Two years ago I didn't see any way of doing this, although it's possible I may have missed something when I looked at OmniPage and ABBYY's information.
I've now downloaded a trial copy of ABBYY 8.0, which allows the user to spend 15 days with the full program. While OmniPage is good OCR software and does do Czech, ABBYY is legendary for its multilingual support (it was developed in Russia, I gather). The info on 8.0 indicated that now it supported OCR of digital photos.
This had to be tried.
Initially, my results weren't great, but then, I was using the starter wizard and hadn't looked at the manual yet. Once I had looked at the manual and looked at my PDF choices, I could see that it looked like I could indeed get what I wanted.
I'm sure I can fine-tune what I'm doing, but within an hour of installing the software, I had a nice searchable corrected PDF file of a page of Bohuslav Brouk's Autosexualismus, which I chose as a test mainly because the pages were white and it doesn't have illustrations. The steps I took were:
1. Download and install software
2. Download and install Czech dictionary
3. Open Formats Settings (Shift-Control-X)and set PDF to "Text under the page image" (I also set it to save to Enable Tagged PDF and High Quality, but those may not be necessary)
4. Open JPG
5. Crop page
6. Straighten text lines
7. Read (run OCR)
8. Check suspicious words/characters (optional), which went quickly due to straightening of the text lines and also because I had already tried this page on earlier runs and added some words to the dictionary
9. Save as PDF.
10. Admire the result
Now, obviously no one is going to spend an hour per page, but the hour included fiddling around figuring out what I was doing, reading the manual, etc. Once I had things set up, I generated my page pretty quickly. As ABBYY does batch operations, I should think I could set up a batch mode for doing an entire book or journal.

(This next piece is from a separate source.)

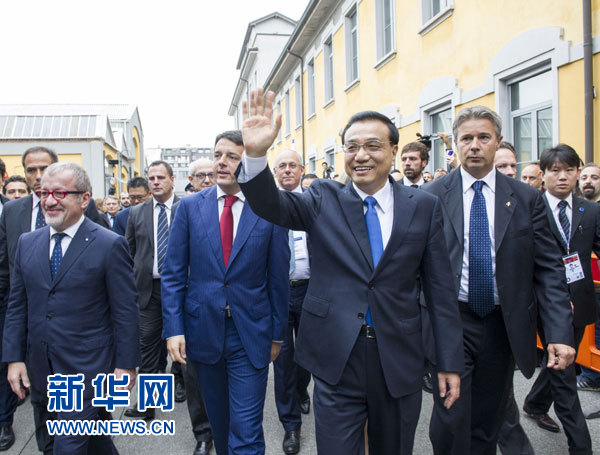 10月16日，中國國務(wù)院總理李克強(qiáng)在米蘭與意大利總理倫齊共同出席第五屆中意創(chuàng)新合作周大會(huì)并致辭。這是李克強(qiáng)抵達(dá)位于米蘭理工大學(xué)的會(huì)場(chǎng)。新華社記者王曄攝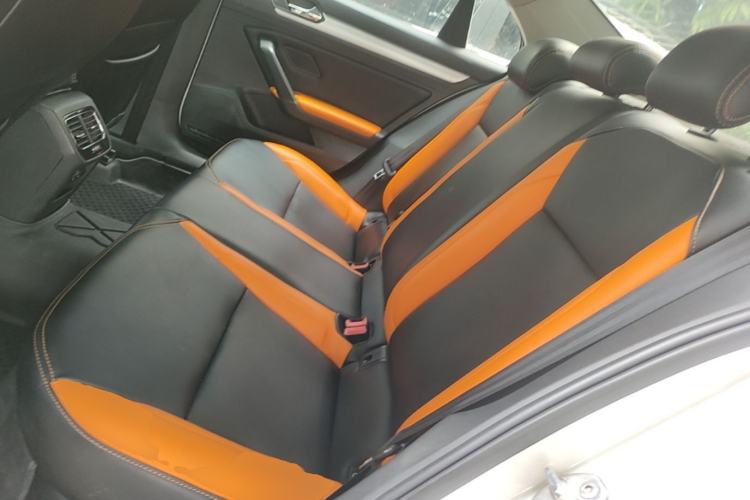 Used Volkswagen Lamando 2018 230TSI DSG Fashion Edition Left Rear Seat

Certain of my friends will be glad to know that ABBYY can do the same magic on existing PDF files. My tests indicated that it's better to use the original JPGs than PDFs made from JPGs, but it's nonetheless possible to work with a PDF made from JPGs. ABBYY had a harder time dealing with the PDF I had made of the book, because the binding is tight and also some of the detail apparently gets lost in the PDF-creation process, but I think that if the user split the pages (an option I didn't try), then cropped and straightened, the results would be decent.
Any time the source is something tricky like a photo of a book page or spread, OCR will be harder than with a scan, because the page won't be quite straight or flat. Since I don't care to spend my life correcting the OCR results, this is one reason for keeping the original image on top.
ABBYY isn't cheap, but if a person has any other OCR software, there is a significant discount.